AIM OF THE EXERCISE
Among the entries below, how many lines contain the string "ditemukan"? Only the number is wanted.

═══ DATASET CONTENT ═══

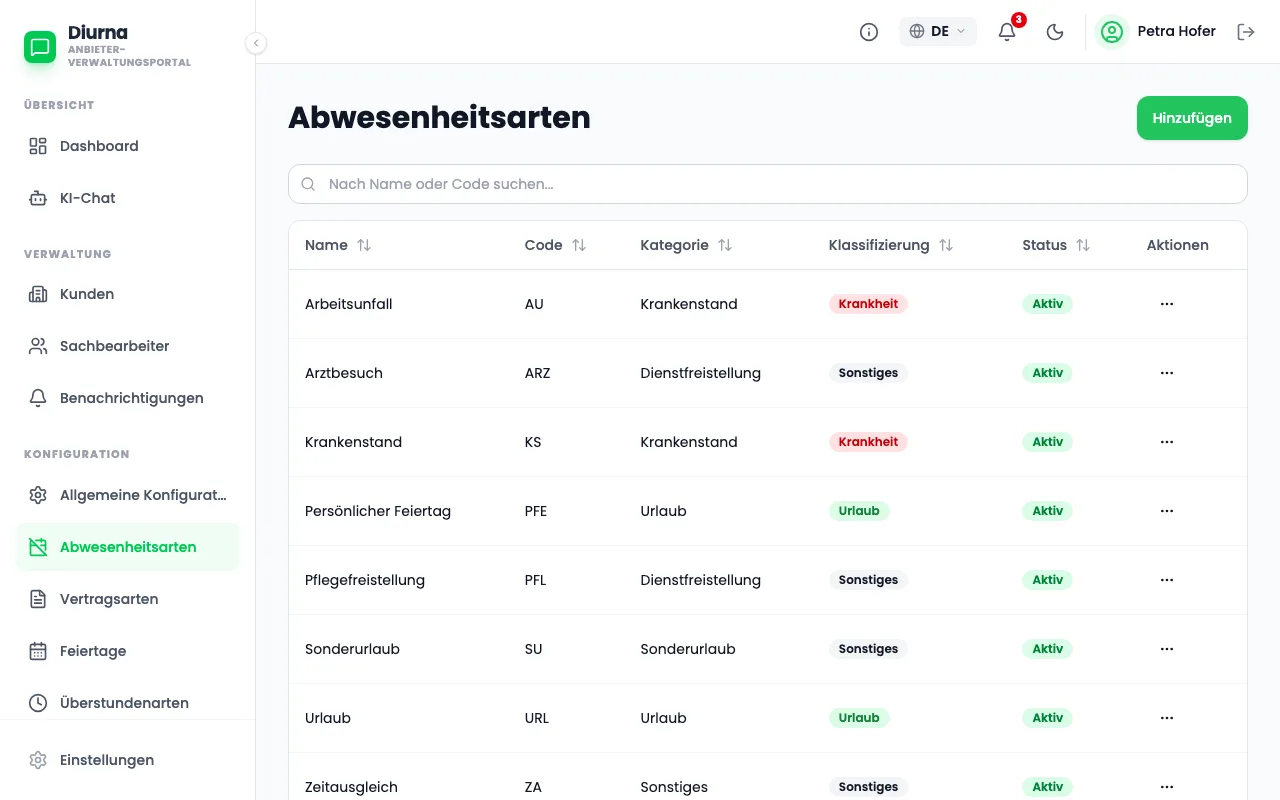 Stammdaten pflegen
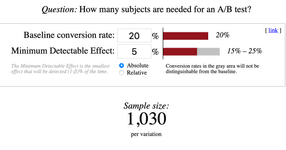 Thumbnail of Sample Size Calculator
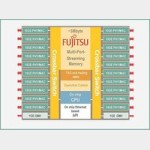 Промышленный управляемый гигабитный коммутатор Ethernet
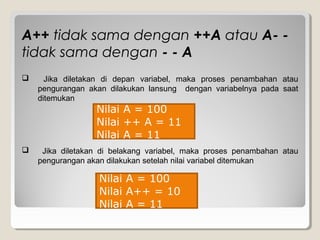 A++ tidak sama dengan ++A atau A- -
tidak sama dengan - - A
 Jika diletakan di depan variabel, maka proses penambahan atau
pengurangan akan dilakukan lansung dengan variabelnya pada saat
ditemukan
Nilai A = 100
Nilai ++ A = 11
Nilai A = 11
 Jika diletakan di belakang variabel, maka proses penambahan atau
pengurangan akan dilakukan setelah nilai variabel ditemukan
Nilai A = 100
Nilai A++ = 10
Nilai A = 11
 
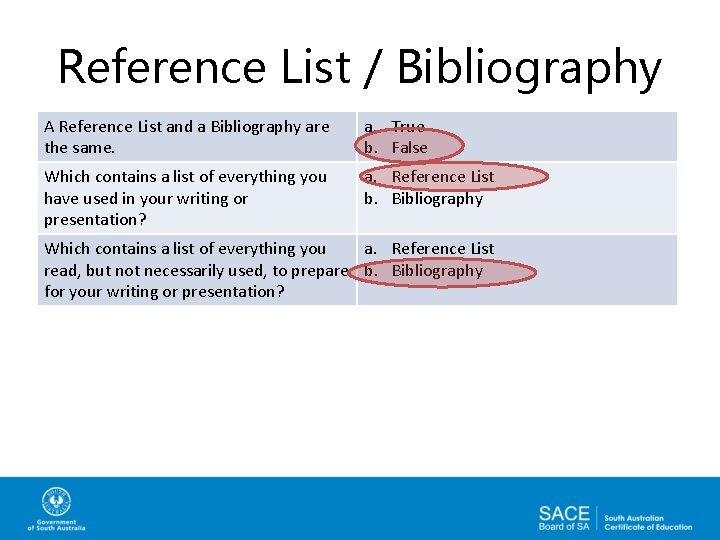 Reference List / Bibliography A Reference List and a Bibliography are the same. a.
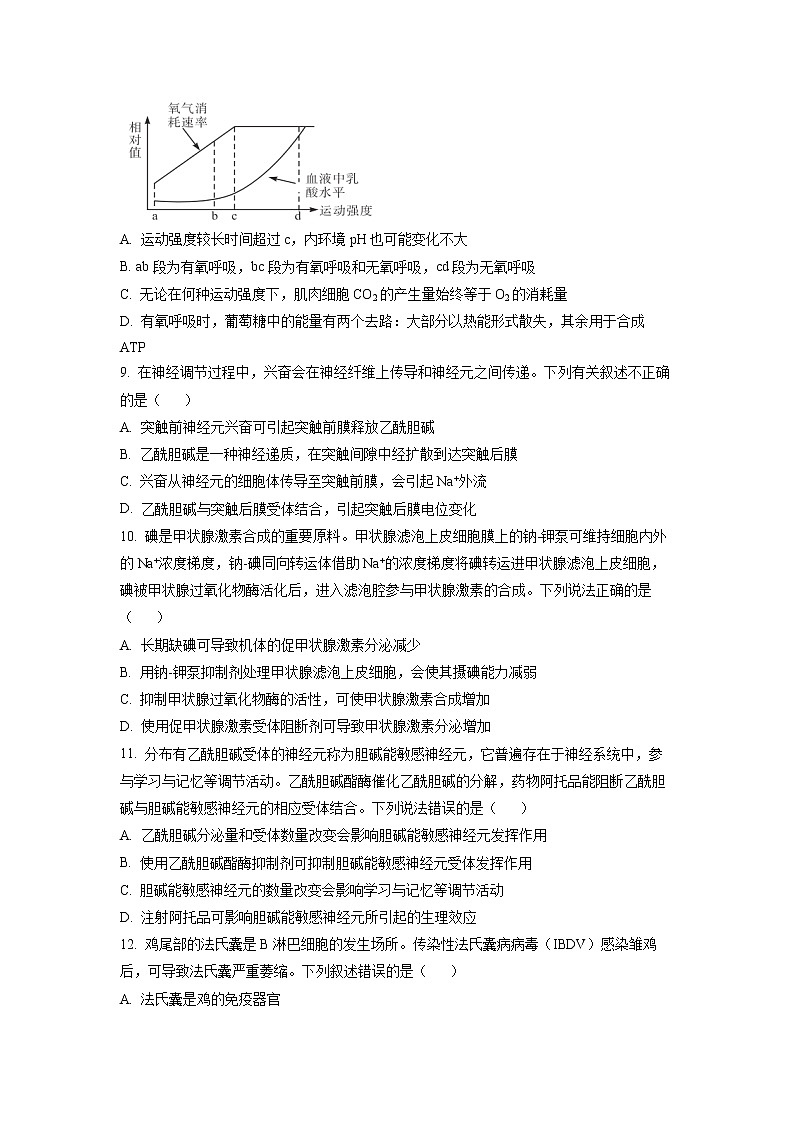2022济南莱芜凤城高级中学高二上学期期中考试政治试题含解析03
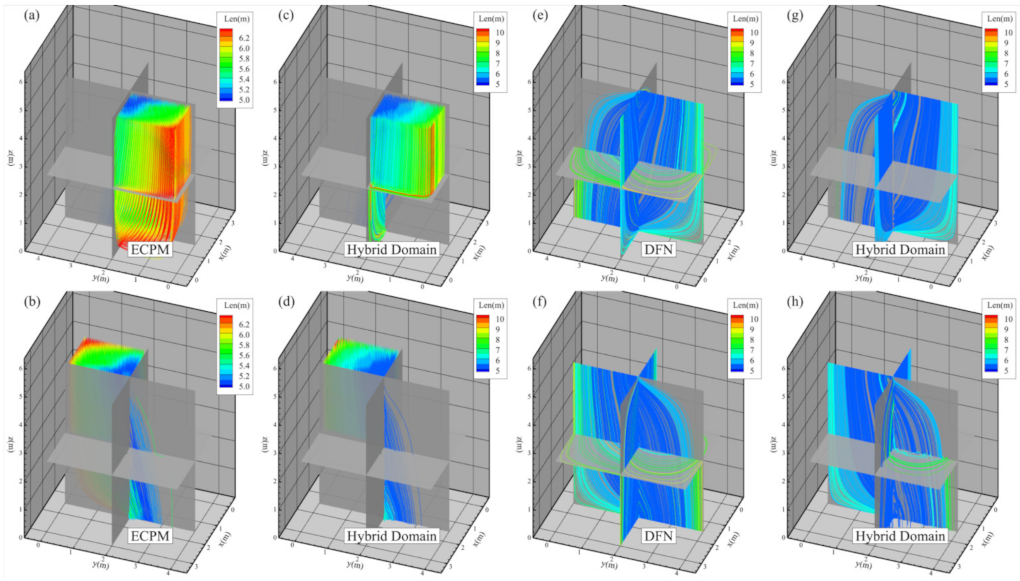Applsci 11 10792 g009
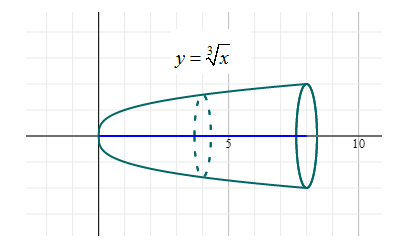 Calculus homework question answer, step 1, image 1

═══
═══ DATASET CONTENT ═══

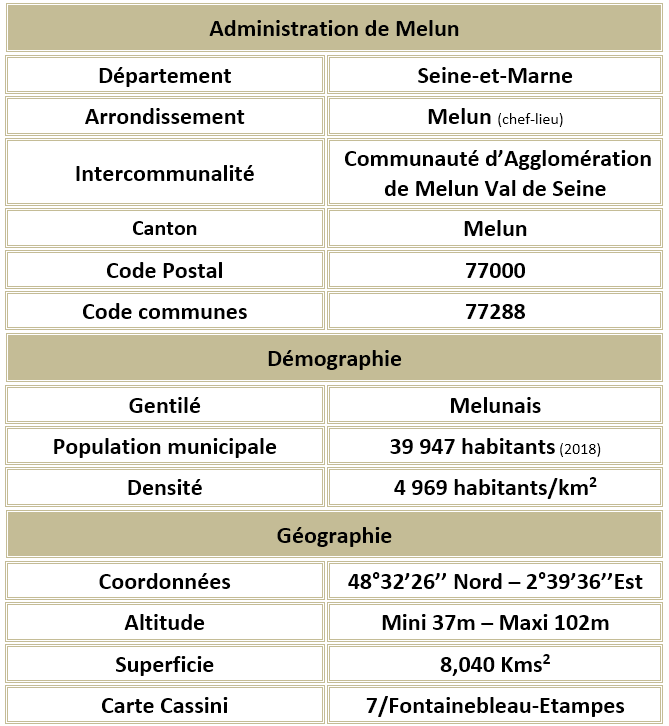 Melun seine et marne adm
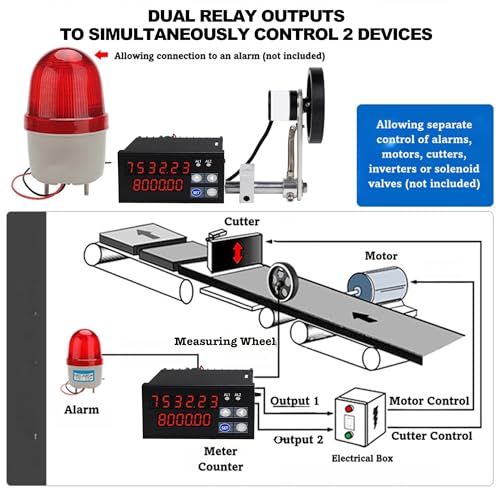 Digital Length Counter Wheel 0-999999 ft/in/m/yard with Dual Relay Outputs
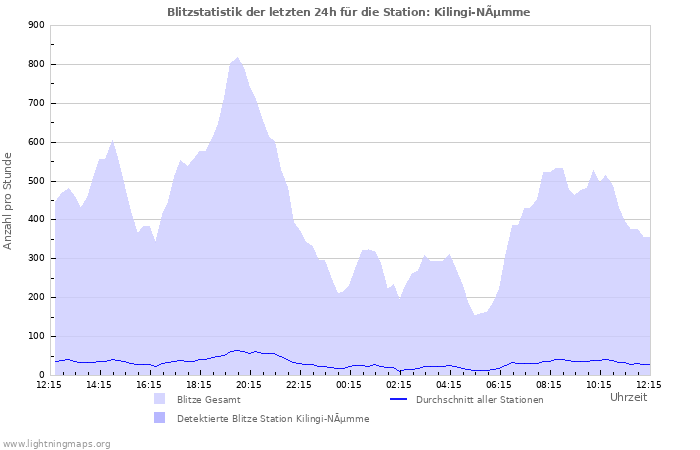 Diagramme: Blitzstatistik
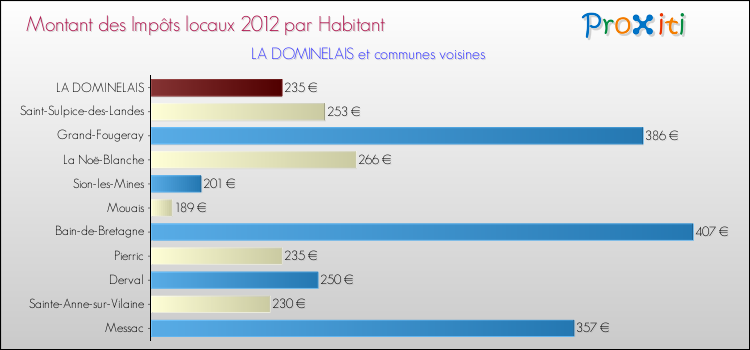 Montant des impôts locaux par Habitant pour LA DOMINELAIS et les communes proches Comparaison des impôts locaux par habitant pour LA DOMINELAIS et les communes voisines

═══

TASK ANSWER
2